Spectre Mitigation Update
7/13/18

This week, a sub-variant of the original, Google Project (GPZ) variant 1 / Spectre security vulnerability was disclosed by MIT. Consistent with variant 1, we believe this threat can be mitigated through the operating system (OS). AMD is working with the software ecosystem to mitigate variant 1.1 through operating system updates where necessary. We have not identified any AMD x86 products susceptible to the Variant 1.2 vulnerability in our analysis to-date. Please check with your OS provider for the latest information.

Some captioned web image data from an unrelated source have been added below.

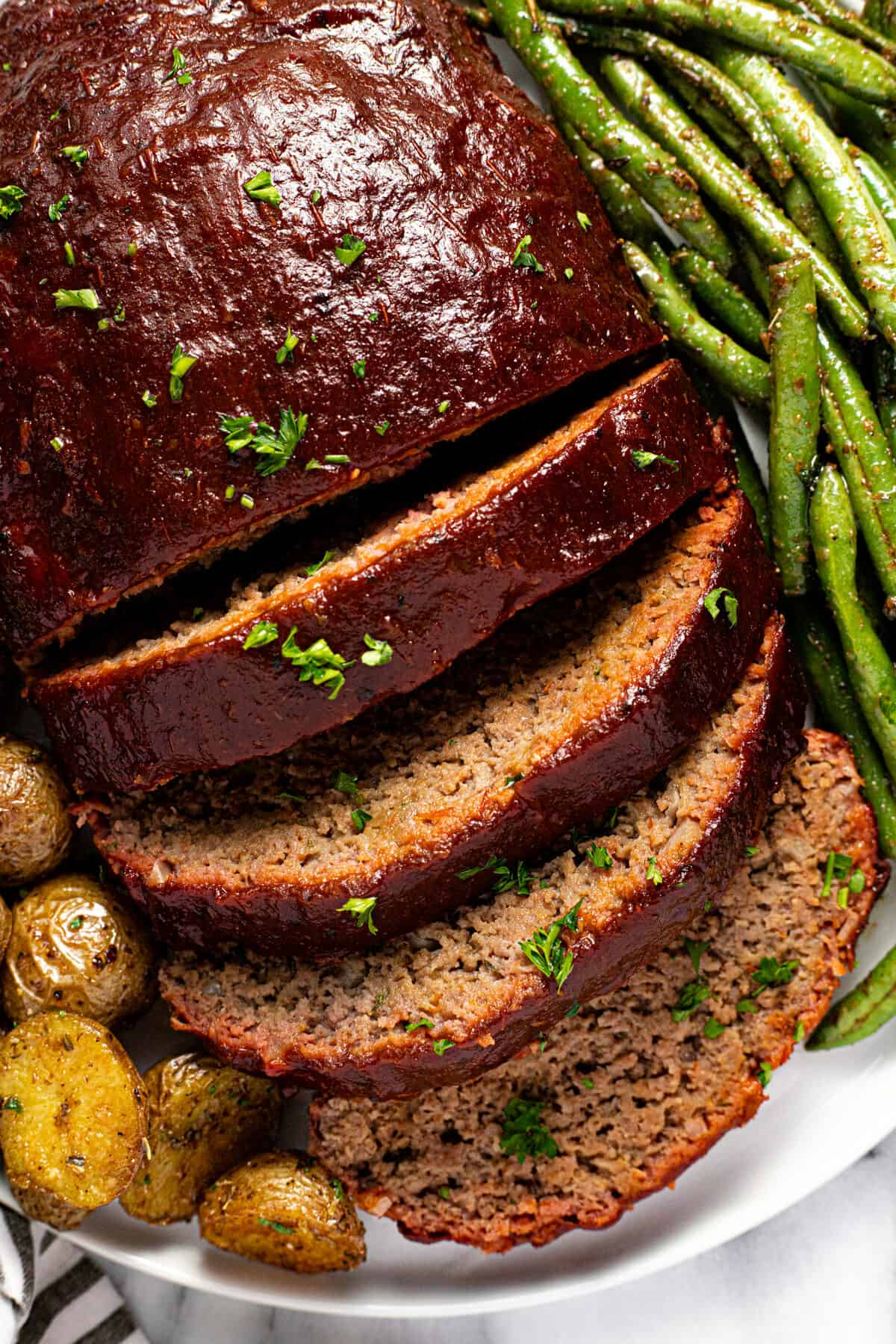 Close up shot of sliced smoked meatloaf on a plate with potatoes and green beans.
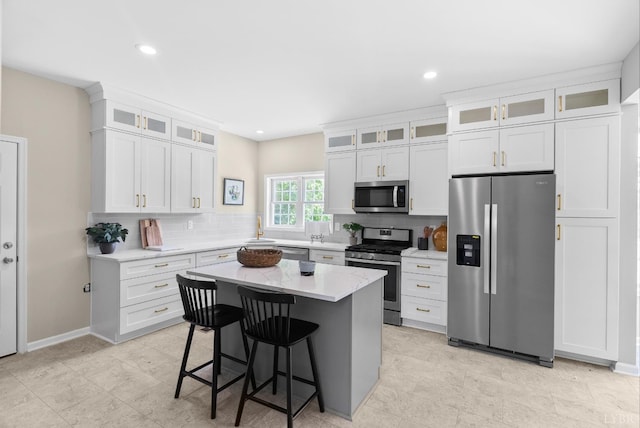 1505 Chestnut Grove Rd, Appomattox, VA 24522 - kitchen featuring stainless steel appliances, tasteful backsplash, a center island, a kitchen breakfast bar, and white cabinets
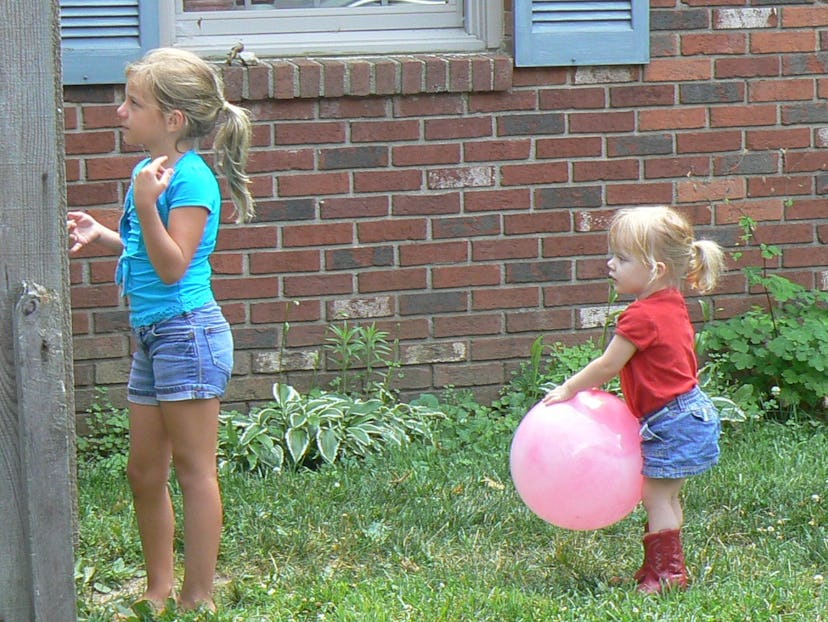 Two little sisters playing outside, where one of them has a pink balloon in her hand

https://www.amd.com/en/corporate/security-updates
 
Patching is easy, unless you were dumb when you built the environment. The main issue is cumulative performance hits. It's past the point where large environments are starting to have capacity issues and need more hardware thrown at them. I dealt with a hype cluster yesterday where, in the last 6 months, it went from humming along happily (even during holidays) to a stuttery mess that's constantly trying to re-balance (in mid-summer). It's now had most of it's VMs pinned in an attempt to calm the cluster down while the customer works through their RFC to get more CPU resources in place. Sadly, this pretty much defeats the point of running a hype cluster. Their is a lot of money being pumped into just maintaining performances levels from a year ago.

Honestly, from a data center perspective, these vulnerabilities are selling a lot of processors for Intel. Whether it's finally populating that extra socket, or swapping to more cores per socket, I've seen tons of CPU upgrades recently.

Still waiting to see an Epyc in production.
 
I heard that if you're playing a game and Windows update is running in the background, your Intel system will crawl due to the Meltdown patches. Apparently the Windows Update feature will access the kernel often and trigger a massive slow down.
 
Patching is easy, unless you were dumb when you built the environment. The main issue is cumulative performance hits. It's past the point where large environments are starting to have capacity issues and need more hardware thrown at them. I dealt with a hype cluster yesterday where, in the last 6 months, it went from humming along happily (even during holidays) to a stuttery mess that's constantly trying to re-balance (in mid-summer). It's now had most of it's VMs pinned in an attempt to calm the cluster down while the customer works through their RFC to get more CPU resources in place. Sadly, this pretty much defeats the point of running a hype cluster. Their is a lot of money being pumped into just maintaining performances levels from a year ago.
Patching is easy, scheduling downtime because no shared storage in qa/dev environment is hard. :p
 
This is why our users are on thin clients and can only run approved executables on a VM. BYOD, but nothing touches our servers.
 
Strange how people can word an article to convey a desired sentiment. This is about Spectre, but somehow it is made about AMD. People think journalists are objective, but they're not in this case at least. AMD is least affected, yet is made out to be the villian here. Really?
 
Is it possible to have speculative execution without these flaws? At what point do we need to either scrap the whole idea and try something different for performance, or just live with the vulnerabilities?
 
Damn it I just got done patching all our shit at work.


didnt you read the notice from intel, just last week if i remember right, about how they were going to start quarterly patches for this?

QUARTERLY, as in continuing patches.. for the foreseeable future.
 
Updated bios for my asus 170 pro but why bother, it's working flawless and with all these new variants the patch will be obsolete it would appear.
I am not on any shared network so if I did get it nobody else would per say so it's not really broke to the point I need to fix it.
 
so chrome is now sandboxing every website/tab to help protect against this

does firefox have any similar abilities?

the zero days are going to be a slaughter
 
Don't panic! Remember that in order for these exploits to work, the attacker first needs to gain local code execution. The biggest threat is to cloud based services where you can't control who else is running code on the same server as you; some malware in another VM can use these exploits to exfiltrate your data.